Dia termasuk orang-orang
awal yang saya informasikan tentang kabar itu. Dan responnya persis seperti
dugaan saya. Ia turut berbahagia dan segera menghujani saya dengan doa-doa yang
baik. Selanjutnya, chit-chat kami pun
berlanjut dengan pembicaraan tentang segala hal yang berkaitan dengan hari
bahagia itu. Ada rasa hangat di dalam hati saya, saat saya menyadari bahwa kami
telah berbagi banyak hal dalam rentang waktu kebersamaan ini.
Dibandingkan sahabat-sahabat
kental saya yang lain, yang saya kenal sejak jaman TK, SD, SMP, ataupun SMA,
dari segi kuantitas waktu perkenalan, mungkin kebersamaan kami memang belum
begitu lama. Baru sejak kuliah kami dipertemukan. Dan dalam masa sekitar lima
tahun di kampus merah hingga menambah dua gelar di belakang nama, masa-masa
akhirnya pun tidak diisi dengan perjumpaan saya yang intens dengannya. Meski
sesekali kami kerap kali masih saling bertukar kabar. Saya ingat, waktu itu dia
turut hadir dan tersenyum pada saya, saat saya keluar dari ruangan tempat
penyumpahan apoteker, meski waktu itu dia belum menjalani prosesi yang sama.
Darinya, saya belajar
tentang banyak hal.
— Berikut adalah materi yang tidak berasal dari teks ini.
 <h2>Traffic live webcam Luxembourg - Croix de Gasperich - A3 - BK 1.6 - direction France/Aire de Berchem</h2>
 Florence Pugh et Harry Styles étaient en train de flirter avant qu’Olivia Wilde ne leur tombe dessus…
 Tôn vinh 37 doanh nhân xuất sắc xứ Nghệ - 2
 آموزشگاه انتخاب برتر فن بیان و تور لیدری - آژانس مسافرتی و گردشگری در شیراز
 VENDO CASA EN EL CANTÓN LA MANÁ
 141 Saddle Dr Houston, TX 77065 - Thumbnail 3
Sungguh. Bahkan di perkenalan paling pertama kami, dia
langsung mengajak saya untuk beristirahat di kamar kostnya sambil menunggu
jadwal kuliah selanjutnya. Di waktu-waktu berikutnya, saya kerap kali melakukan
aktivitas yang sama. Menumpang istirahat
di kamar kosnya di sela waktu kuliah, shalat maghrib di sana jika kemalaman
keluar dari laboratorium, ataupun menjadikannya sebagai tempat transit saat
dapat shift malam waktu praktek kerja apoteker di rumah sakit. Dan dia selalu
saja begitu. Mengamalkan pemuliaan terbaik kepada tamunya, dan membuat saya
selalu merasa nyaman.
Di suatu waktu di antara
persiapan jelang pernikahan saya, ia menelpon saya dari Lombok, tempatnya
sekarang mengabdi. Seperti biasa, dia memang selalu lebih sering menelpon saya
lebih dulu dibanding sebaliknya. Dan teleponnya yang kali ini dijeda dengan
mati lampu di rumah saya rupanya membawa sebuah kabar yang saya tunggu-tunggu.
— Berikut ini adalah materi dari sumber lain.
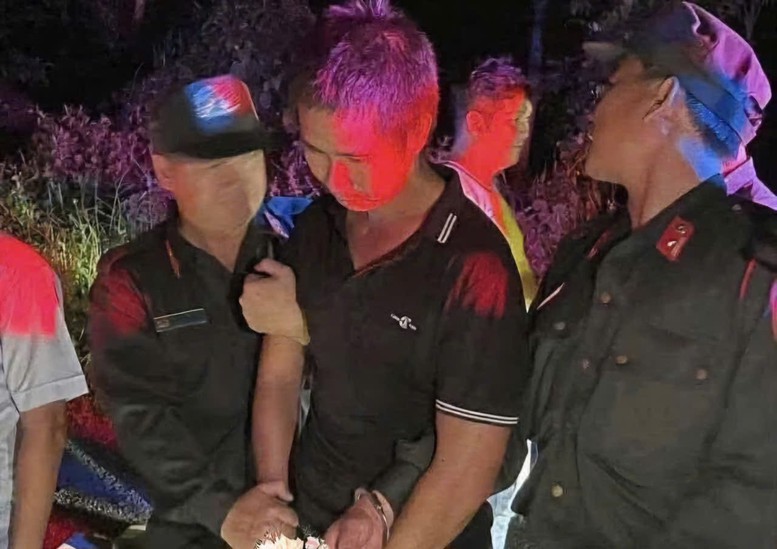 Biểu dương chiến công xuất sắc bắt giữ đối tượng dùng súng giết chết 3 người tại Đồng Nai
Ini tentang seorang laki-laki yang tiba-tiba hadir dalam sebuah pesan singkat.
Pesan tanpa basa-basi yang hanya sekadar ingin mengonfirmasi apakah ia belum dilamar
siapapun, dan jika memang belum, maka laki-laki itu berniat untuk melamarnya. Wow. Emejing.
Saya membelalakkan mata.
Bertanya tentang siapa gerangan lelaki yang begitu to the point itu. Actually,
saya tahu bahwa saudari saya itu memang punya kepribadian yang baik. Di mata
saya –dan mungkin di mata banyak orang, dia adalah sosok yang istri-able. Wajahnya manis, masakannya
maknyus, senang rapi-rapi dan bersih-bersih, sifatnya ramah dan supel, namun di
sisi lain juga punya ketegasan dan perhatian yang besar kepada hal-hal yang berbau
sosial. Oh iya, yang paling penting, ia adalah sosok wanita shalihah yang
selalu semangat memperbaiki diri.
Maksud saya, ia memang
termasuk perempuan yang gampang dicintai, tapi menyampaikan maksud untuk ingin
melamarnya dengan cara yang begitu direct
seperti itu, rasa-rasanya juga terlalu...
gimana gitu...
Ia pun akhirnya bercerita
panjang tentang sosok lelaki itu. Saya banyak mengangguk-angguk-ria meski tahu
bahwa di sana ia tidak bisa melihat anggukan saya. Dan dari apa yang ia
ceritakan, saya dapat menarik kesimpulan bahwa lelaki itu cukup baik. Di kali
pertama saya mendengar tentang dirinya, feeling saya sudah cukup bagus dan entah
mengapa malah saya yang merasa yakin bahwa ia adalah orang yang tepat untuk
mendampingi kawan saya itu. Meski di lubuk hati yang terdalam, saya menyimpan
sebuah rahasia, yang di kala itu masih saya tahan untuk menceritakannya
kepadanya. Hmm... apa gerangan?
Well, sudah saya
katakan bahwa saudari saya yang satu ini adalah salah satu orang yang
ditakdirkan oleh Allah untuk menjadi salah satu manusia terbaik yang pernah
saya kenal. Beberapa hal pada dirinya mengingatkan saya pada hal-hal yang
diinginkan Mama kepada saya. Dari sana, saya terinspirasi bahwa tentu akan
menyenangkan sekali jika status saudari-fillah
ini bisa di-upgrade menjadi lebih kuat;
menjadi saudari ipar, mungkin? Hehehe...
Saya kemudian mengingati kakak laki-laki saya yang masih betah menjomblo nun
jauh di rantau sana. Dan ide itu pun muncul.
Tapi, yang terjadi,
terjadilah. Ide itu bahkan masih berupa benih yang belum berkecambah saat
kemudian saya tahu bahwa ada laki-laki lain yang sudah selangkah lebih maju.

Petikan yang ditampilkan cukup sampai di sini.